Solution of the SMAP Problem

The solution of the SMAP problem is actually simple: execute the stac instruction to set RFlags.AC bit so that supervisor-mode code can access user-mode memory freely. \

Stealth Inline Hook Algorithm

This feature utilizes the Intel EPT feature.
To maximize performance - to reduce unnecessary VM-Exit - we use 4KB-paging for hooked page.
There are two pages for one hooked page: the original page and hooked page.
These two pages should have following attributes:
The original page has R+/W+/X- access rights. This means, on execution to the page, EPT violation should occur.
The hooked page has R-/W-/X+ access rights. This means, on read/write to the page, EPT violation should occur.
In this regard, NoirVisor requires that Intel EPT should supports execution-only paging. Otherwise, NoirVisor cannot hide Inline Hooks.
Hooked page includes the hook code, whereas the original page includes the original code.
On VM-Exit, NoirVisor should locate the hook page by GPA (Guest Physical Address) then swap the PTE entry.

Hide Read and Write Accesses from the Same Page

If an instruction in the hooked page accesses some data in the same page, it would infinitely trigger EPT violations. Therefore, care must be taken when the rip and GPA are in the same page.
Intel VT-x provides the Monitor Trap Flags feature that triggers VM-Exits per instruction. We may use this feature to circumvent the this possibility.
When EPT violation handler detects that GPA and rip are in the same page, grant R+/W+/X+ permission, map to the original page and enable MTF. An MTF VM-Exit will be immediately triggered after this instruction completes. In this MTF VM-Exit, revoke R+/W+ permissions, map to the hooked page, and disable the MTF.

The New PatchGuard Mechanism

The KiErrata671Present is a new mechanism that detects hooks concealed by EPT. It looks like:

xor eax,eax
inc eax
ret

The invoker of KiErrata671Present would replace the inc eax,eax instruction with ret instruction. Then calls this function to see the result.
If the KiErrata671Present locates in the same page with our hooked function, then the KiErrata671Present function would return one, in that the write was redirected to the original page instead of the hooked page.
This becomes a dilemma in that there is always a spot to detect inconsistency no matter where we redirect the hook.

Critical Hypervisor Protection

This feature is an essential security feature.

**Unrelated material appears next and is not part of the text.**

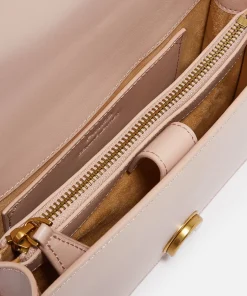 Mini Bags*Pinko Love One Mini Leather Cross-Body Bag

I found this feature missing in most open-source light-weight hypervisor project. The key is that VMCS and other essential pages are not protected through Intel EPT even if they enabled Intel EPT. It should be pointed out that a malware can be aware of the format of VMCS of a specific processor. In this regard, malware may corrupt the VMCS through memory access instruction.

Real-Time Code Integrity

Real-Time CI is now implemented by Intel EPT.

Host NMI Processing

Unlike the GIF mechanism in AMD-V, Intel VT-x does not prevent the NMI to be triggered in the host context. The negative side-effect of this phenomenon can be manifested in two ways.

Type-I Hypervisor

If NoirVisor is loaded as a Type-I Hypervisor, the NMI will be taken in a wrong context. The approach of MiniVisor, written by Satoshi Tanda, is to discard the NMIs. However, if some messages are to be delivered through NMI, loss of message may cause incorrect behavior in the system and may trigger kernel panicking (e.g: NMI watchdog).

Type-II Hypervisor

If NoirVisor is loaded as a Type-II Hypervisor, the NMI will be taken in an out-of-monitor context. If malicious software hijacked the NMI handler of the OS (e.g: registered an NMI callback through KeRegisterNmiCallback), then the malicious software can circumvent the monitoring of hypervisor by issuing NMIs over APIC ICR.

Solution

The straight-forward solution is to set up hypervisor's own NMI handler for the host. The handler will inject NMI to the guest. However, in terms of returning from NMI, there is something worth discussing:

If we emulate the iret instruction, the NMI-blocking will remain in the host so that no further NMIs will be fired.
If we don't emulate the iret instruction, there could be multiple NMIs to be held pending in the same session of VM-Exit.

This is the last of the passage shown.